Problem details: Return an exact copy of the data, starting at its first line and ending at the line that contains "Gemstone Cabochon - Round", minus any pictures.

──────── Dataset ────────

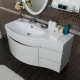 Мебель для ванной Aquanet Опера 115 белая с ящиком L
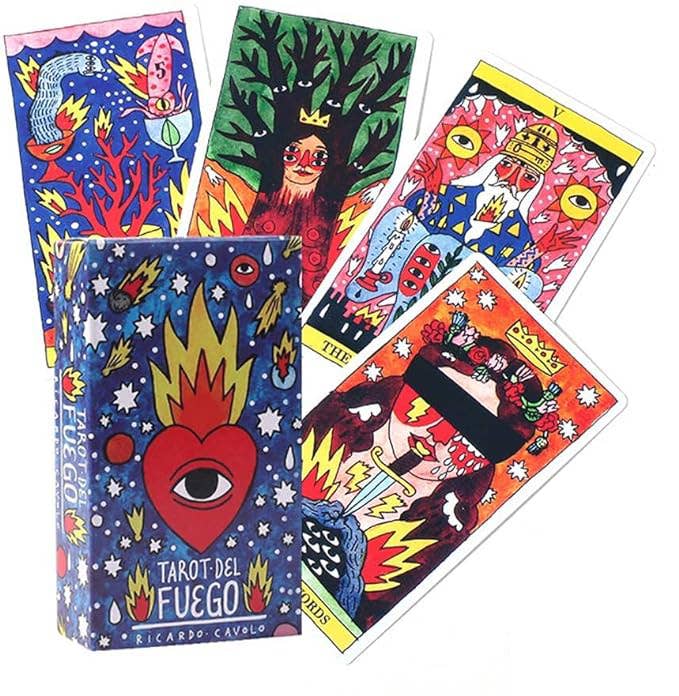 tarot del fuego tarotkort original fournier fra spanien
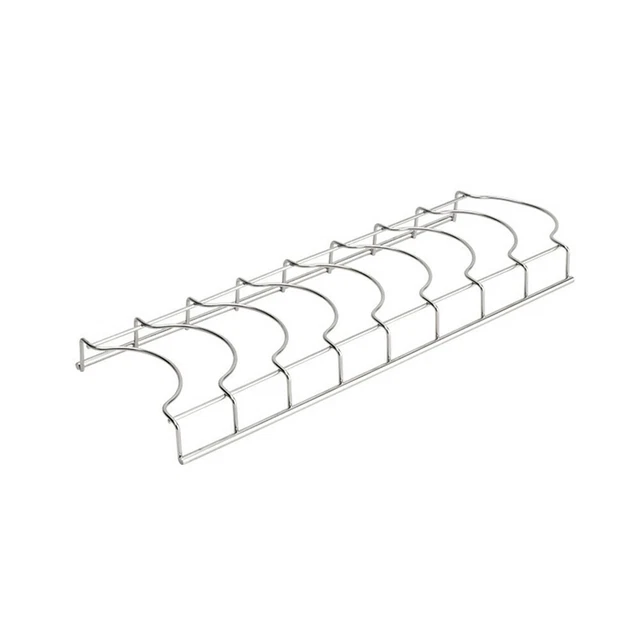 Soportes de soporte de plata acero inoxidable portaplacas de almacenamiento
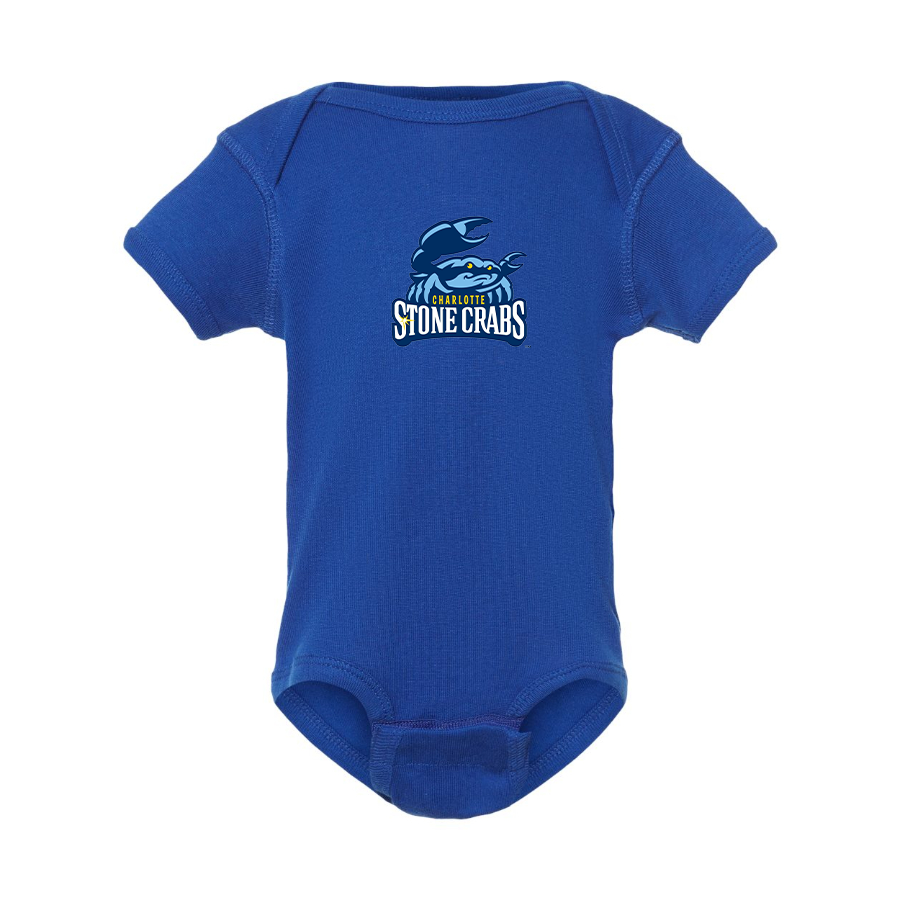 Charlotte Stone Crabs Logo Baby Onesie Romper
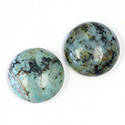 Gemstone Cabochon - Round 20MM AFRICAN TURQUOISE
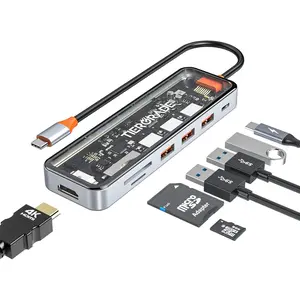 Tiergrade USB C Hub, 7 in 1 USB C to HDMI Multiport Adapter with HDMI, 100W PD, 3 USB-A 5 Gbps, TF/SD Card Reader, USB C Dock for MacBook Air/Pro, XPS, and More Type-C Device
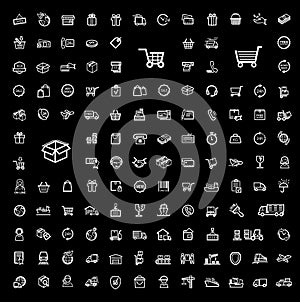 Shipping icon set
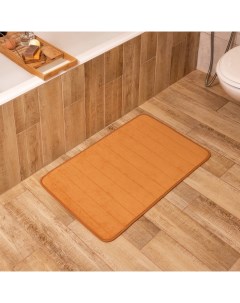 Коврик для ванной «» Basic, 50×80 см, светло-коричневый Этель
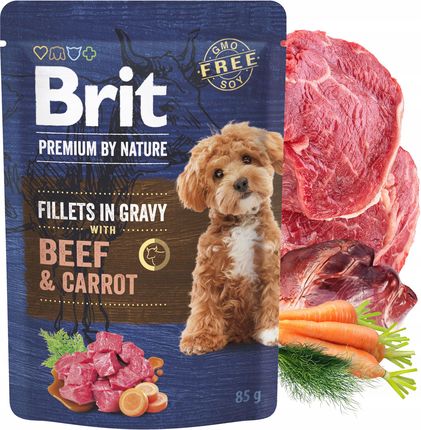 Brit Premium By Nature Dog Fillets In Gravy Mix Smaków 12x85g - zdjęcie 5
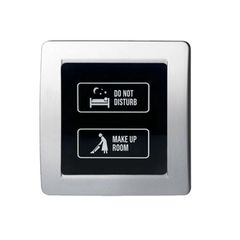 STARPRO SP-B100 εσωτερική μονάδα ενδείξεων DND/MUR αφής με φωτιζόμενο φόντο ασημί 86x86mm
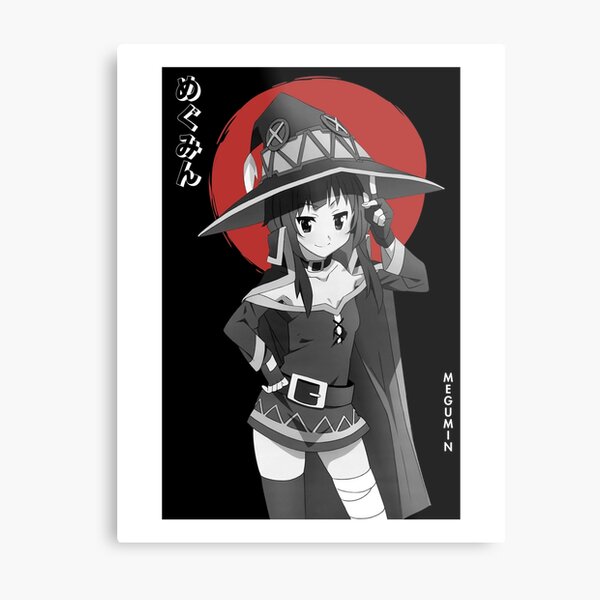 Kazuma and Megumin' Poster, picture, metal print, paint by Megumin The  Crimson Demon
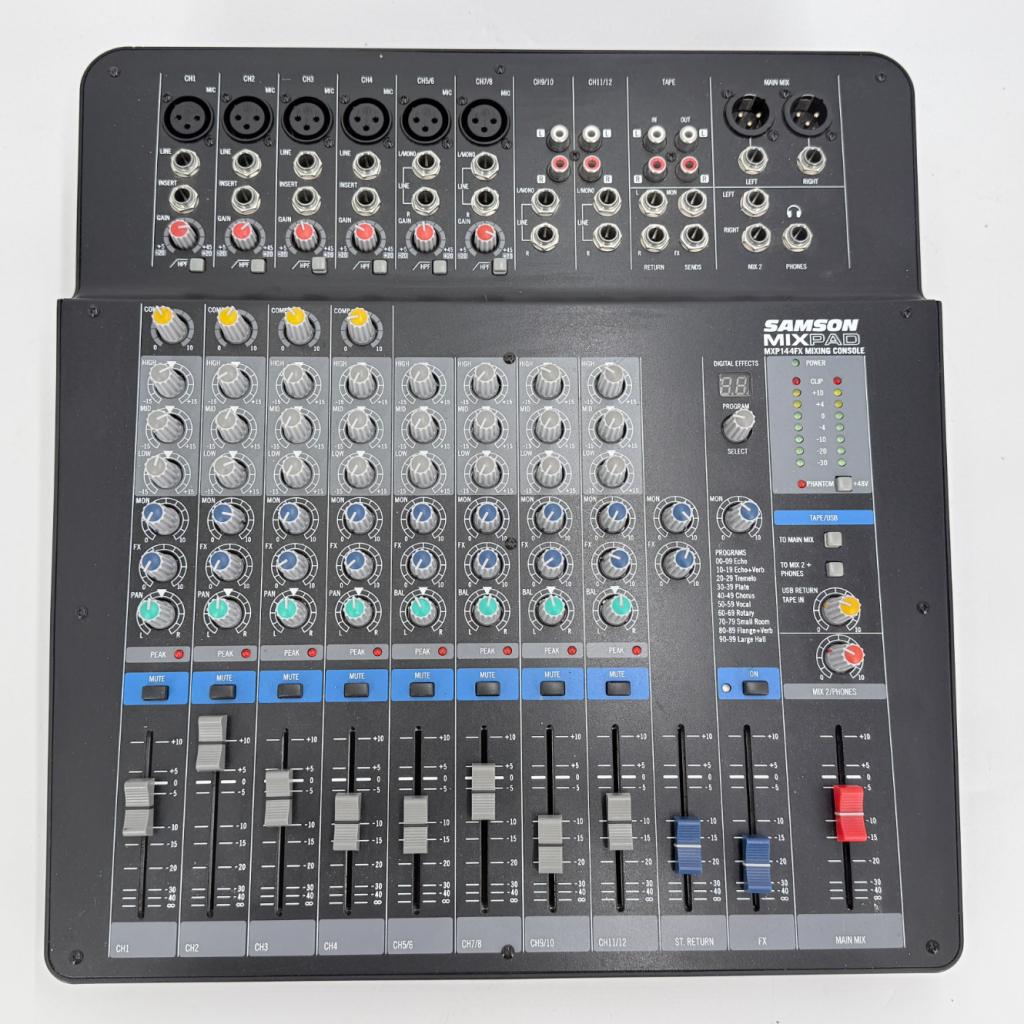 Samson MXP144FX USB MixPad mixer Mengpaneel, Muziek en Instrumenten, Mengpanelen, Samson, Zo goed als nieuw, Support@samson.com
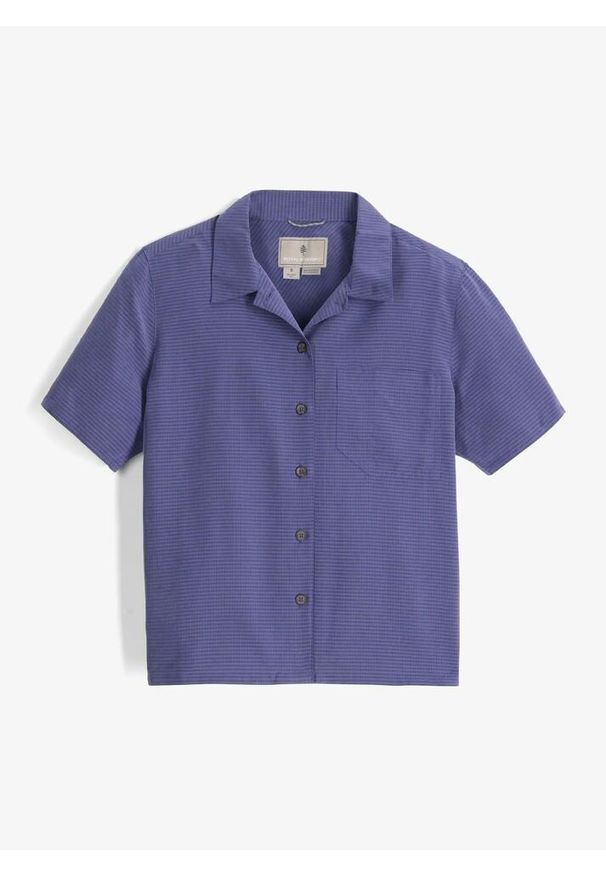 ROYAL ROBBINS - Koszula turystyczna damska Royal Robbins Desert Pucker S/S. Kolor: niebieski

────────

Output of the task:
 Мебель для ванной Aquanet Опера 115 белая с ящиком L
 tarot del fuego tarotkort original fournier fra spanien
 Soportes de soporte de plata acero inoxidable portaplacas de almacenamiento
 Charlotte Stone Crabs Logo Baby Onesie Romper
 Gemstone Cabochon - Round 20MM AFRICAN TURQUOISE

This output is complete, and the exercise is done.